• Records
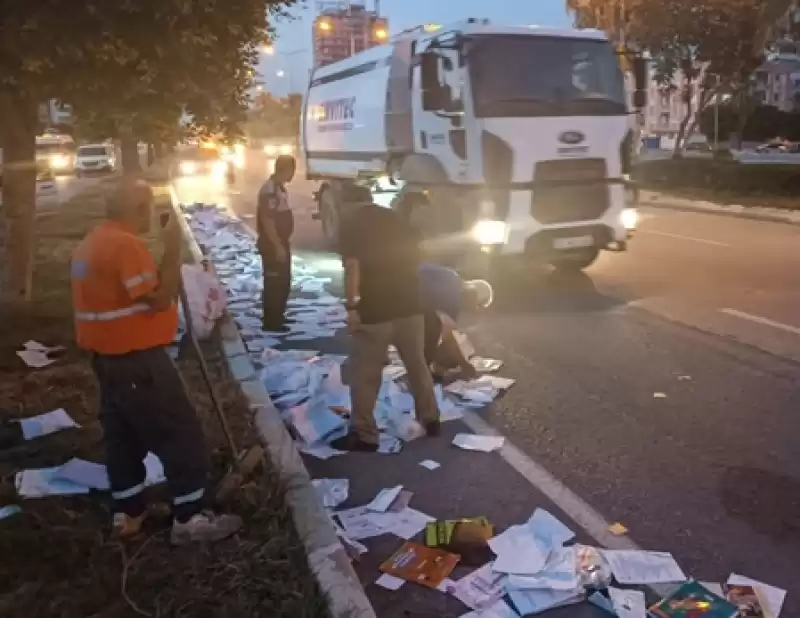 Kamyondan Dökülen Kitaplar Yolu Kapladı, Trafiği Aksattı!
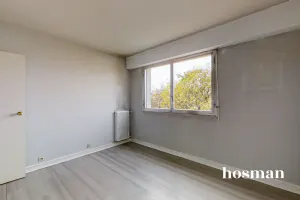 Appartement de 77.0 m² à Bordeaux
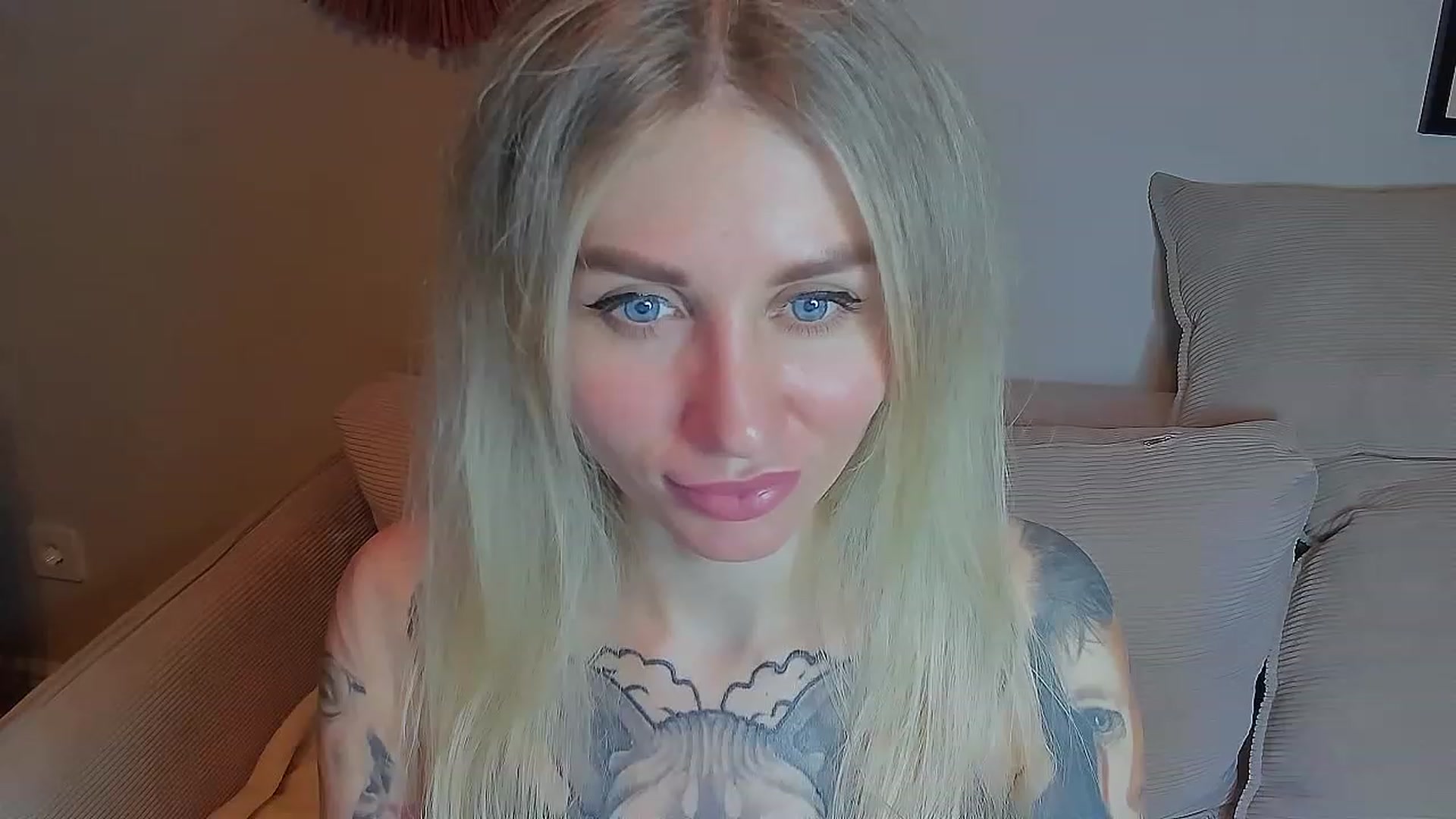 Gallery image thumbnail from Alexa_Smithhh's myfreecams stream on, 03/26/2023, 19:42 image 13 of 20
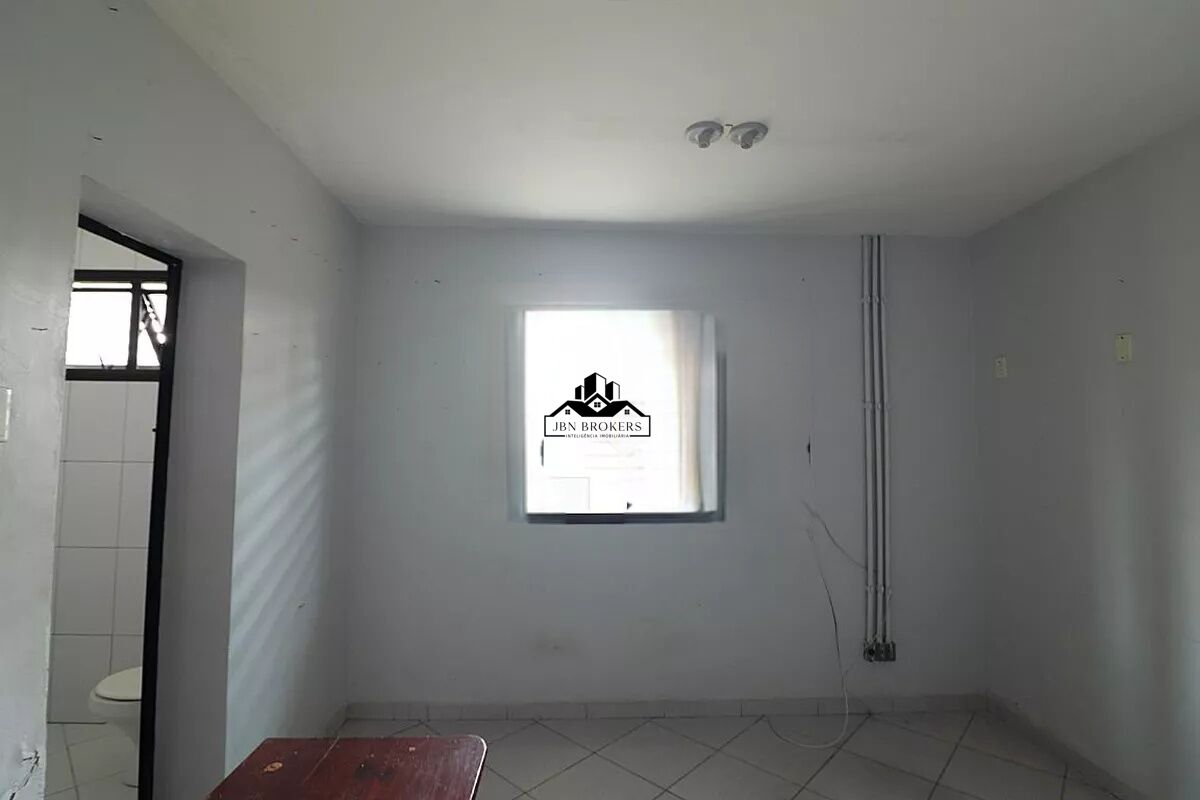 Casa à venda com 2 quartos, 267m² - Foto 10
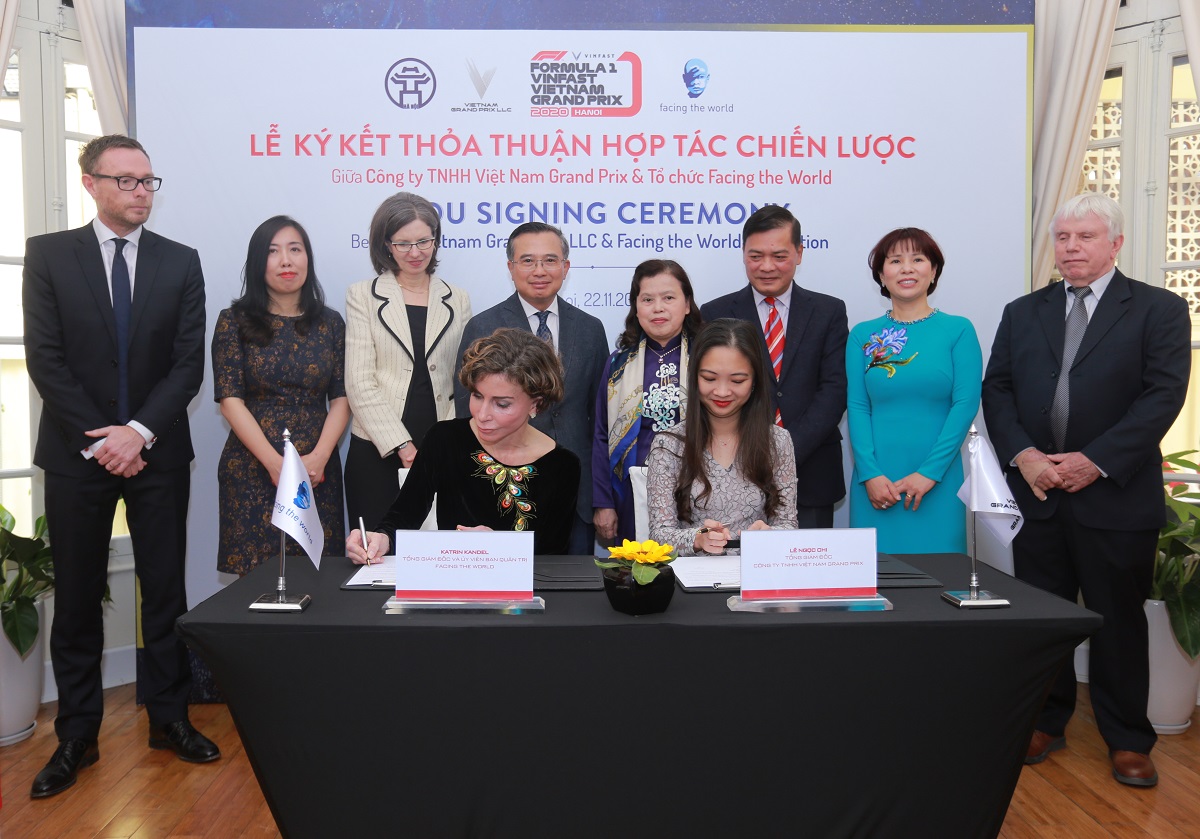 B&agrave; L&ecirc; Ngọc Chi - Tổng gi&aacute;m đốc C&ocirc;ng ty Việt Nam Grand Prix (VGPC) v&agrave; B&agrave; Katrin Kandel - Tổng gi&aacute;m đốc Tổ chức Từ thiện Quốc tế Facing the World (FTW) k&yacute; kết hợp t&aacute;c hỗ trợ trẻ em bị c&aacute;c dị tật mặt nghi&ecirc;m trọng ở Việt Nam.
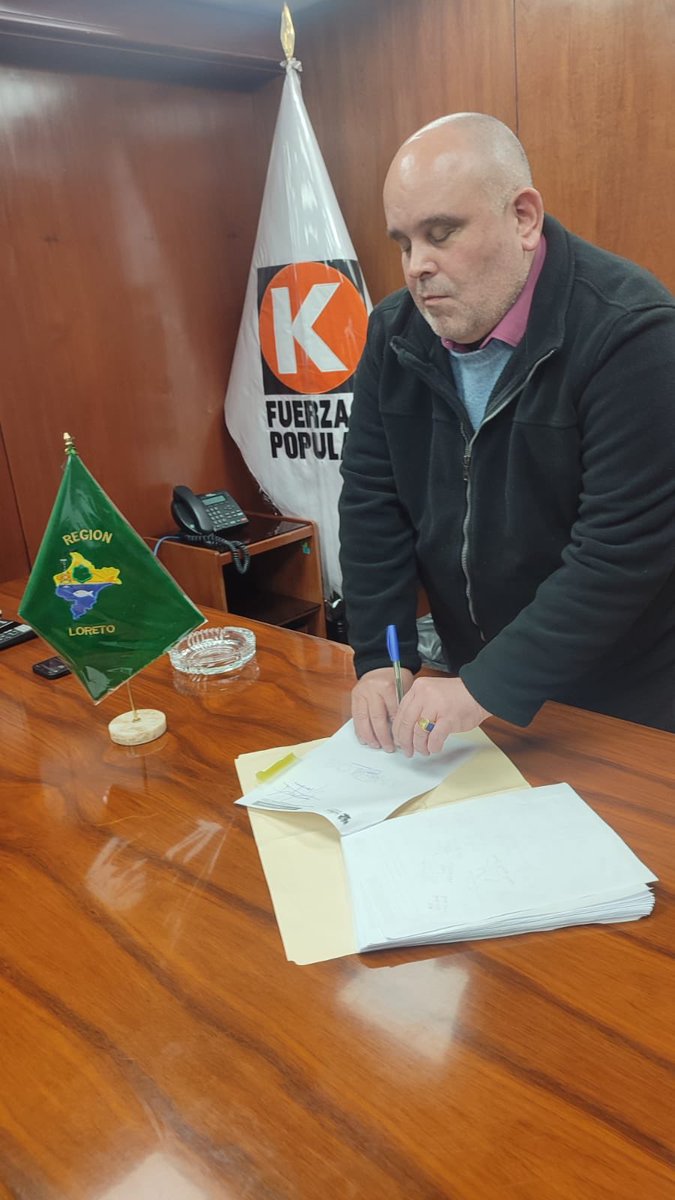 JorgeMo82134070's tweet photo. Rechazamos los actos de corrupción en este gobierno por lo que hoy he firmado la moción de vacancia presentada por mi colega Edwar Málaga.  El Perú necesita salir de esta crisis y encaminar su reactivación económica. https://t.co/EY3MXaTZDc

• Exercise directions
An exact copy of the entries above is required, with the pictures left out.

• Result
 Kamyondan Dökülen Kitaplar Yolu Kapladı, Trafiği Aksattı!
 Appartement de 77.0 m² à Bordeaux
 Gallery image thumbnail from Alexa_Smithhh's myfreecams stream on, 03/26/2023, 19:42 image 13 of 20
 Casa à venda com 2 quartos, 267m² - Foto 10
 B&agrave; L&ecirc; Ngọc Chi - Tổng gi&aacute;m đốc C&ocirc;ng ty Việt Nam Grand Prix (VGPC) v&agrave; B&agrave; Katrin Kandel - Tổng gi&aacute;m đốc Tổ chức Từ thiện Quốc tế Facing the World (FTW) k&yacute; kết hợp t&aacute;c hỗ trợ trẻ em bị c&aacute;c dị tật mặt nghi&ecirc;m trọng ở Việt Nam.
 JorgeMo82134070's tweet photo. Rechazamos los actos de corrupción en este gobierno por lo que hoy he firmado la moción de vacancia presentada por mi colega Edwar Málaga.  El Perú necesita salir de esta crisis y encaminar su reactivación económica. https://t.co/EY3MXaTZDc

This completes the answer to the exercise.